Я обследовал вокруг все пространство майората. Несколько раз обошел обширную территорию, окруженную высоким забором. Белые стены виллы с ее верандами, просторными террасами представали передо мной все в новых и новых аспектах. За виллой простирается парк, переходящий потом в бездревесную равнину. Там стоят какие-то странные строения, полуфабричные, полуусадебные. Я приник глазом к щели в заборе, и то, что увидел, должно быть, является следствием зрительного обмана. В этой разреженной от жары весенней атмосфере иногда видятся удаленные предметы, отраженные порою многими милями мерцающего воздуха. И все равно голова у меня трещит от противоречивых мыслей. Надо справиться в альбоме.

23

Возможно ли это? Вилла Бьянки пользуется правом экстерриториальности? Ее дом находится под защитой международных договоров? К каким поразительным открытиям приводит меня изучение альбома! Знает ли кто, кроме меня, эту потрясающую истину? И однако же невозможно отмахнуться от всех улик и аргументов, которые альбом нагромождает вокруг этого пункта.

Сегодня я вблизи обследовал виллу. С неделю уже я кружил около огромных, искусных кованых ворот с гербом. Я воспользовался моментом, когда два больших пустых экипажа выехали из парка. Створки ворот были распахнуты настежь. Никто их не закрывал. Я вошел небрежным шагом, достал из кармана тетрадь для эскизов, сделал вид, будто зарисовываю, опершись о воротный столб, какую-то архитектурную деталь. Я стоял на усыпанной гравием дорожке, которой столько раз касалась легкая ножка Бьянки. Сердце у меня беззвучно замирало от счастливого страха, что вот сейчас в какой-нибудь балконной двери появится ее стройный силуэт в белом платье. Но все окна и двери были задернуты зелеными шторами. Ни единый звук не выдавал потаенной жизни этого дома. Небо на горизонте затягивалось тучами, вдали посверкивало. В жарком разреженном воздухе не чувствовалось ни малейшего дуновения. В тишине этого серого дня лишь белые стены виллы что-то говорили с беззвучным, но выразительным красноречием богато деталированной архитектуры. Ее легкое витийство растекалось плеоназмами, тысячекратными вариантами одного и того же мотива. По ярко-белому фризу в ритмических каденциях направо и налево бежали барельефные гирлянды и в нерешительности останавливались на углах. С высоты центральной террасы спускалась мраморная лестница – патетически и церемонно – между стремительно расступающимися балюстрадами и архитектурными вазами и, широко растекшись по земле, казалось, отступала в глубоком реверансе, подбирая свой пришедший в беспорядок наряд.

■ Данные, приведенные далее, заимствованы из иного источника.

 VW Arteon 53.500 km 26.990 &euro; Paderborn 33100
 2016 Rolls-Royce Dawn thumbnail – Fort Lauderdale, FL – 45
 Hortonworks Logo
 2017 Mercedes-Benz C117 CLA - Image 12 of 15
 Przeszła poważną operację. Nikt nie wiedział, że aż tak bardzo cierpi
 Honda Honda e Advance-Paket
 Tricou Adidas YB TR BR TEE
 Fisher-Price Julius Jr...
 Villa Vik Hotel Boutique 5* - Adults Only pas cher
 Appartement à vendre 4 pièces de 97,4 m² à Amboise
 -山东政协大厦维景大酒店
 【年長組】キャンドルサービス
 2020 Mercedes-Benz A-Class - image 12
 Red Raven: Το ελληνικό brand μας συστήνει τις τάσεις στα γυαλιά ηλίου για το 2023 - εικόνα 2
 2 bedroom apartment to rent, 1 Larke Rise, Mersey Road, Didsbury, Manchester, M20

У меня поразительно обостренный инстинкт стиля. А этот стиль раздражал меня, тревожил чем-то необъяснимым. За его с трудом сдерживающим себя классицизмом, за внешне холодной элегантностью крылась неуловимая дрожь. Стиль этот был слишком жарким, слишком резко подчеркнутым, полон неожиданной остроты. Из-за капельки неведомого яда, впрыснутой в жилы этого стиля, его кровь стала черной, взрывчатой и опасной.

Внутренне дезориентированный, дрожа от противоречивых импульсов, я шел на цыпочках вдоль фасада виллы, распугивая спящих на лестнице ящерок.

Земля вокруг высохшего округлого бассейна была спекшаяся и еще голая. Лишь кое-где из трещин в почве пробивалась скудная фантастически-яростная зелень. Я вырвал пучок этой травы и спрятал в тетрадь для эскизов. Я весь трясся от внутреннего возбуждения. Над бассейном, колеблясь от зноя, стоял серый чрезмерно прозрачный и поблескивающий воздух. Барометр на ближнем столбе показывал катастрофическое падение давления. Вокруг царила тишина. Ни единая веточка не шелохнулась – безветрие. Вилла спала, опустив жалюзи, сверкая меловой белизной в безграничной мертвенности серой атмосферы. И вдруг, словно застой достиг критической точки, из воздуха выпал красочный фермент, и воздух распался яркими лепестками, мерцающим трепетаньем.

То были огромные отяжелевшие бабочки, попарно занятые любовной игрой. Еще с минуту неловкое подрагивающее трепетанье удерживалось в мертвой атмосфере. Бабочки попеременно чуть опережали друг друга и вновь соединялись в полете, тасуясь в потемневшем воздухе, словно колода цветастых высверков. Было ли то всего лишь быстрое разложение чересчур буйной атмосферы, фатаморгана воздуха, переполненного гашишем и причудами? Я ударил шапкой, и крупная плюшевая бабочка упала наземь, трепеща крыльями. Я поднял ее и спрятал. Одним доказательством больше.